La bibliothèque libre.
Le texte de cette page a été corrigé et est conforme au fac-similé.
106
ROMANCIERS DE CHEZ NOUS

Laure Conan vient donc d’entrer tout de bon dans cette voie très large où la fantaisie et l’histoire se jouent librement, dans ce chemin où l’ont ici devancée Marmette, de Gaspé, Taché, de Boucherville, pour ne nommer que les plus connus parmi les morts.

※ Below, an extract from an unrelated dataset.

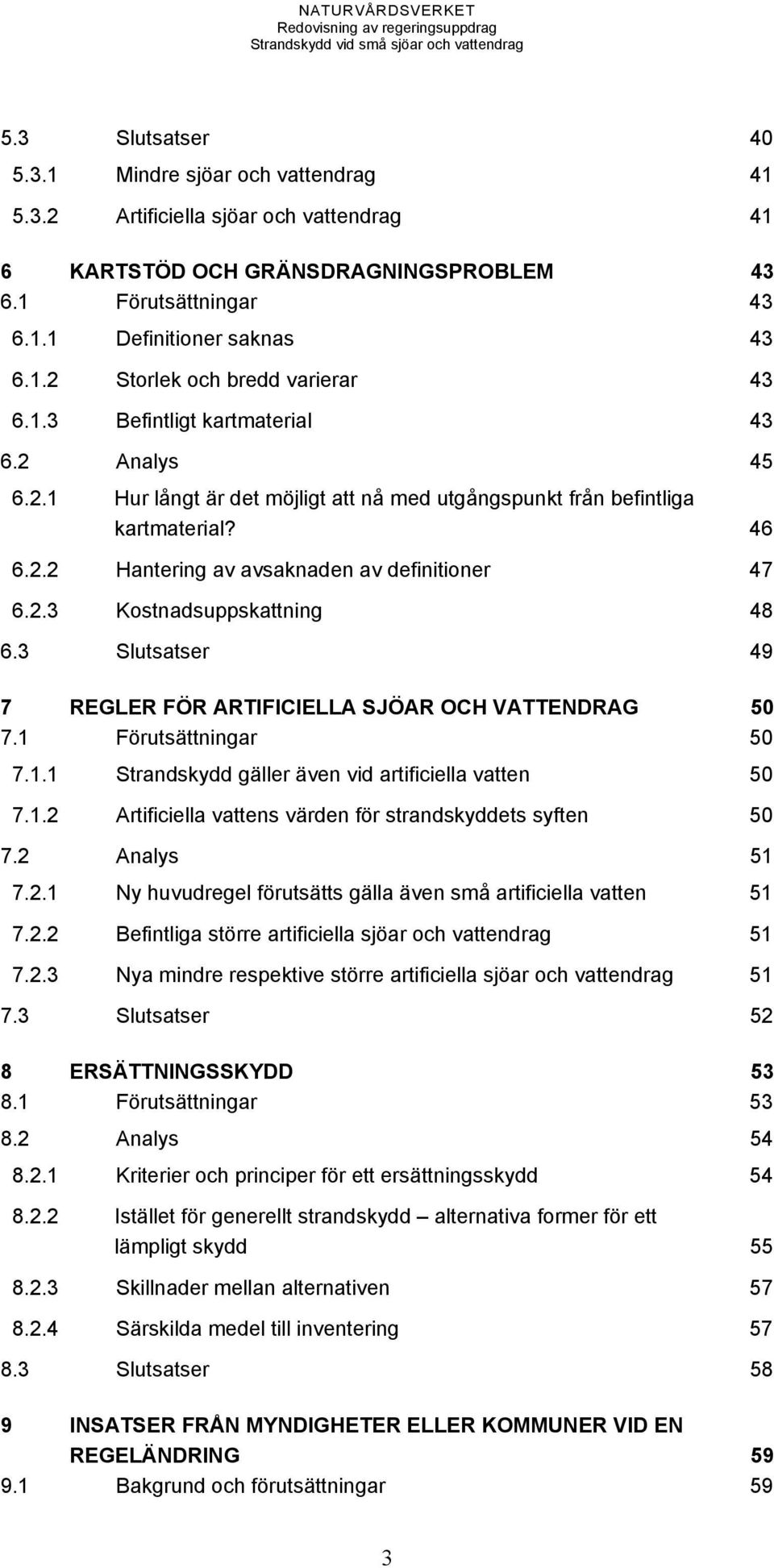 3 Slutsatser 49 7 REGLER FÖR ARTIFICIELLA SJÖAR OCH VATTENDRAG 50 7.1 Förutsättningar 50 7.1.1 Strandskydd gäller även vid artificiella vatten 50 7.1.2 Artificiella vattens värden för strandskyddets syften 50 7.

Aussi bien, notre histoire se prête-t-elle merveilleusement à ces récits qui sont à la fois fable et réalité, à ces résurrections qui font se lever sous le regard des Canadiens d’aujourd’hui ces grands Canadiens d’autrefois qui ont fondé la colonie, qui l’ont défendue, qui nous ont conquis, au prix de leur sang et de leur vie, un sol que tant d’ennemis leur ont disputé. Ces héros d’il y a deux siècles, nous, dont les origines ne se perdent pas, comme celles des peuples d’Europe et d’Asie, dans la nuit des temps, nous les appelons volontiers les demi-dieux de notre histoire ; ils appartiennent, en vérité, à cette période de notre vie nationale que lord Elgin appelait lui-même l’âge héroïque du Canada. Mais quelques-uns de ces héros, quelques-unes de ces figures que nous devrions toutes connaître, ou que nos poètes et nos historiens auraient dû mettre toutes en lumière, sont restés dans l’ombre. Il y a des « oubliés » sur la liste de nos grands hommes, et c’est à faire revivre l’un de ces héros qui ne doivent pas mourir tout entiers que s’est appliquée Laure Conan.

Lambert Closse — n’est-ce pas qu’on avait oublié ce nom-là ? — est venu au Canada vers le milieu du dix-septième siècle. Il fut un des plus dévoués compagnons de M. de Maisonneuve ; il l’aida puissamment à fonder Villemarie ; maintes fois il défendit la ville naissante contre les attaques des sauvages, et les Jésuites ont écrit de lui dans leurs Relations qu’« il a justement mérité la louange d’avoir sauvé Montréal par son bras et sa réputation[1] »

Or, Lambert Closse épouse, à Villemarie, et c’est tou-

  1. Cf. Préface de L’Oublié, p. XII.